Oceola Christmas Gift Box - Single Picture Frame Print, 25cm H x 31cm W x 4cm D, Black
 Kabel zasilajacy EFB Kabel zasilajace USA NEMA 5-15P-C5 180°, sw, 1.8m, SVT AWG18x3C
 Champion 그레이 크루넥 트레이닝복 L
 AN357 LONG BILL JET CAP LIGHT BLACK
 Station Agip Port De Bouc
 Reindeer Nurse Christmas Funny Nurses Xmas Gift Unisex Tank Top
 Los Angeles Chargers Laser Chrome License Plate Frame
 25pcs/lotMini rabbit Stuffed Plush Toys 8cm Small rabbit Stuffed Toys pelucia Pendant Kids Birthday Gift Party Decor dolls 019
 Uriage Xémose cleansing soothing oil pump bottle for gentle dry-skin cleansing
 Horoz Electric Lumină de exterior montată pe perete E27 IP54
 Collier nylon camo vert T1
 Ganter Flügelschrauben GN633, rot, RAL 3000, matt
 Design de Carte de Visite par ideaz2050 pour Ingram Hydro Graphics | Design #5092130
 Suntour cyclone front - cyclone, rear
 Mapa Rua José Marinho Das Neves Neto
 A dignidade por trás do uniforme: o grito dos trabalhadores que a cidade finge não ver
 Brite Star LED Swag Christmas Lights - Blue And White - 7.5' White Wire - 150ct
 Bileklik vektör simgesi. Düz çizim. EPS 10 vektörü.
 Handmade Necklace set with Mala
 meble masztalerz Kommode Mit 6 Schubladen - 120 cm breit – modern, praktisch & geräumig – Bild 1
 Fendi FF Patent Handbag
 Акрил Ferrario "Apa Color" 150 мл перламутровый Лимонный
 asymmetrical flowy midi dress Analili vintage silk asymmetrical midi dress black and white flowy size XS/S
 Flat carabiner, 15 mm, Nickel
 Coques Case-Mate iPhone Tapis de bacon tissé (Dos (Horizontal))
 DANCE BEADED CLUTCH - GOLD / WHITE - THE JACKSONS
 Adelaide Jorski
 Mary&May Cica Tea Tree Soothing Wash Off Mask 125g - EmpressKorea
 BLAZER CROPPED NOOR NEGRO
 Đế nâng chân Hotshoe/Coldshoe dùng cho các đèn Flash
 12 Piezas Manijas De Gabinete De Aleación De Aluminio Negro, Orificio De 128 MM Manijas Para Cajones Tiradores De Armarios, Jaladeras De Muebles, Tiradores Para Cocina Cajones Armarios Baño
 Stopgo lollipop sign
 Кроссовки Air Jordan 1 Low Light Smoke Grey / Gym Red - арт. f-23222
________________
• [PROBLEM TO SOLVE]
From the entries, copy every line in which the word "Christmas" occurs.

• [ANSWER TO THE PROBLEM]
Oceola Christmas Gift Box - Single Picture Frame Print, 25cm H x 31cm W x 4cm D, Black
 Reindeer Nurse Christmas Funny Nurses Xmas Gift Unisex Tank Top
 Brite Star LED Swag Christmas Lights - Blue And White - 7.5' White Wire - 150ct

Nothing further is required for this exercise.